Il femminicidio come forma di violenza alle donne è un fenomeno scarsamente esaminato e su cui ci sono pochi dati , soprattutto in Italia. Si parla di femminicidio quando in un crimine il genere femminile della vittima è un movente, una causa essenziale del crimine stesso. La maggior parte delle volte questo tipo di crimine si realizza all’interno di legami familiari, ovvero fidanzati, mariti o padri che per scelte di vita non condivise si ‘scagliano’ contro le proprie compagne o figlie.
Prendendo a riferimento il periodo dal 1°Agosto 2015 al 31 Luglio 2016, le donne uccise sono state 138 su 398 omicidi complessivi. Mentre gli omicidi delle criminalità organizzata sono stati ‘solo’ 49. Questi dati hanno confermato quelli dell’anno precedente, in quel caso su 449 omicidi 181 erano femminicidi.
Per quanto riguarda l’età delle donne uccise, dai dati emerge che oltre la metà dei femminicidi hanno interessato donne tra i 25 e i 54 anni. La distribuzione geografica è abbastanza omogenea in Italia anche se si possono riscontrare alcune differenze a livello regionale. Lombardia e Sicilia sono le regioni più colpite, seguite da Lazio e Toscana. In riferimento alle provincie invece il tasso più alto si riscontra a Milano seguita da Roma.

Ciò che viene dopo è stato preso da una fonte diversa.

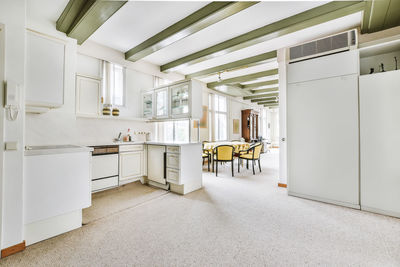 Empty chairs and tables in modern room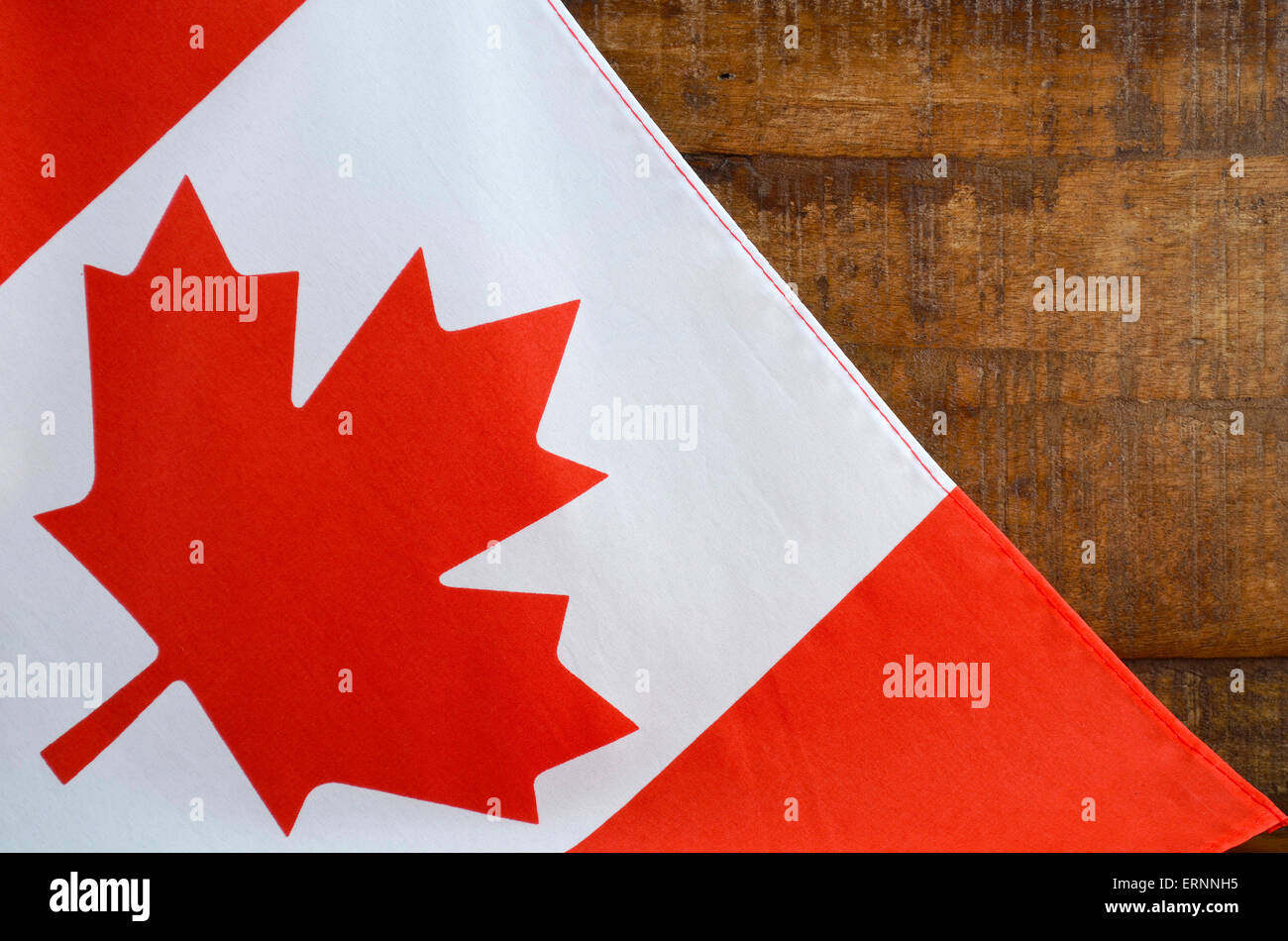 Canadian red and white maple leaf flag against dark wood rustic background for Canada Day, July 1, celebration and national holi Stock Photo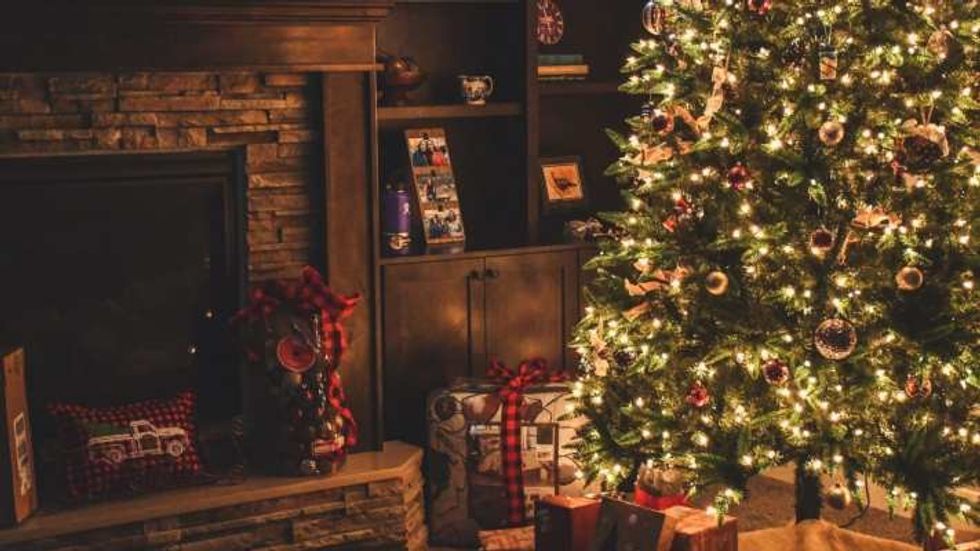 lit Christmas tree in a living room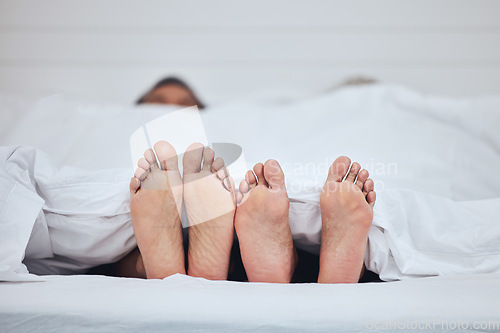 Image of Couple, bed and feet with blanket in sleeping, peace and morning rest together on weekend at home. Barefoot people, asleep and comfort in bonding, care or love under duvet in bedroom at the house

Anche i mezzi per uccidere sono alquanto omogenei. Nella maggior parte dei casi viene utilizzata un’arma da taglio, dato che spesso fa pensare ad omicidi di impeto, ma spesso queste donne vengono uccide ance a mani nude. Meno utilizzate risultano invece le armi da sparo, avvelenamenti ed armi contundenti.

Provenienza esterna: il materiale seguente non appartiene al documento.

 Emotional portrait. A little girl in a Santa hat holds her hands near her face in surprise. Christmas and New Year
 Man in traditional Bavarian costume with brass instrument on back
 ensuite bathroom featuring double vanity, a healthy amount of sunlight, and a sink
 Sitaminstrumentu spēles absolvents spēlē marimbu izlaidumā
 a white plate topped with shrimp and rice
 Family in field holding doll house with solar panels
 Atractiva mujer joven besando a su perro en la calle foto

I dati forniti dal Viminale sottolineano che i delitti sono complessivamente in calo e, al di là dei fatti di cronaca e del clamore mediatico, l’analisi del fenomeno è limitata. Ciò che più preoccupa infatti non sono i dati ma il contesto socio-antropologico degli omicidi di genere.

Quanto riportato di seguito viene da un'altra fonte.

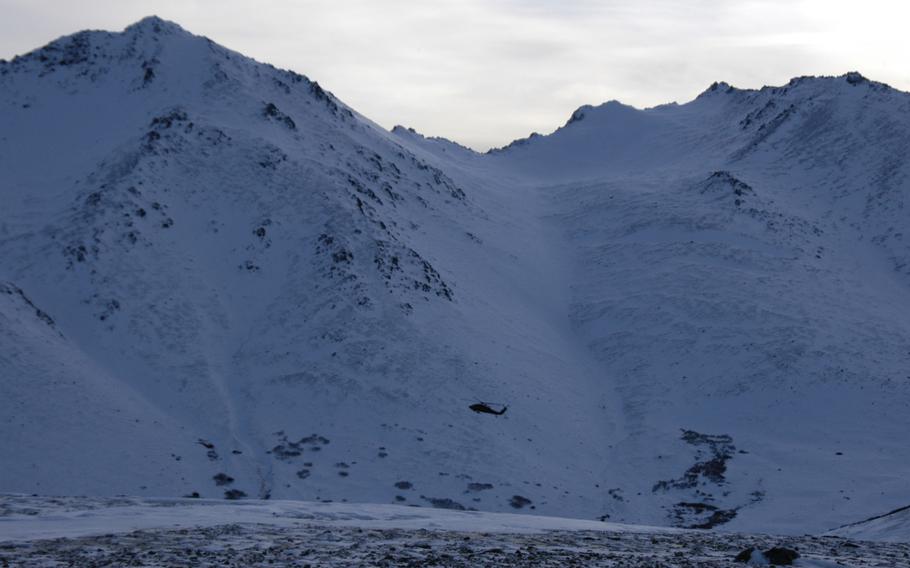 An Alaska Army National Guard UH-60 Black Hawk helicopter is dwarfed by mountains near Anchorage, Alaska, on Feb. 13., 2015. It's essential that the chopper's crewmembers learn cold-weather survival skills in case they are forced to make an emergency landing. 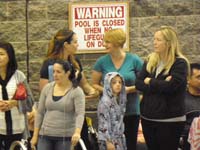 68-Kenny_in_his_robe_looking_across_the_pool_to_Daddy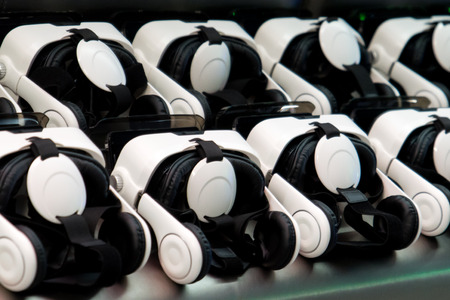 many virtual reality VR helmet on dark backgroundの写真素材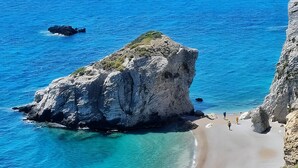A coastal beach with clear blue waters, rocky cliffs, and a sandy shore.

Oggi le donne muoiono in primo luogo perché sono tali, sono donne, e in secondo luogo perché fanno parte di un sistema di potere a cui, negli anni, hanno tentato di sottrarsi. Il femminicidio nasce quindi in un contesto del tutto maschilista e fallocratico arcaico.
Il ruolo di uomini e donne sta cambiando, ma la società, invece di suddividere la responsabilità su tutti per la ridefinizione dei ruoli, e della nuova configurazione famigliare, attribuisce questo ‘fardello’ alle donne. Dovrebbe essere invece l’intera società a rieducare gli uomini a non considerare più le donne come proprietà privata, come oggetti che si possono ‘distruggere’ una volta che non si è più in grado di dominare.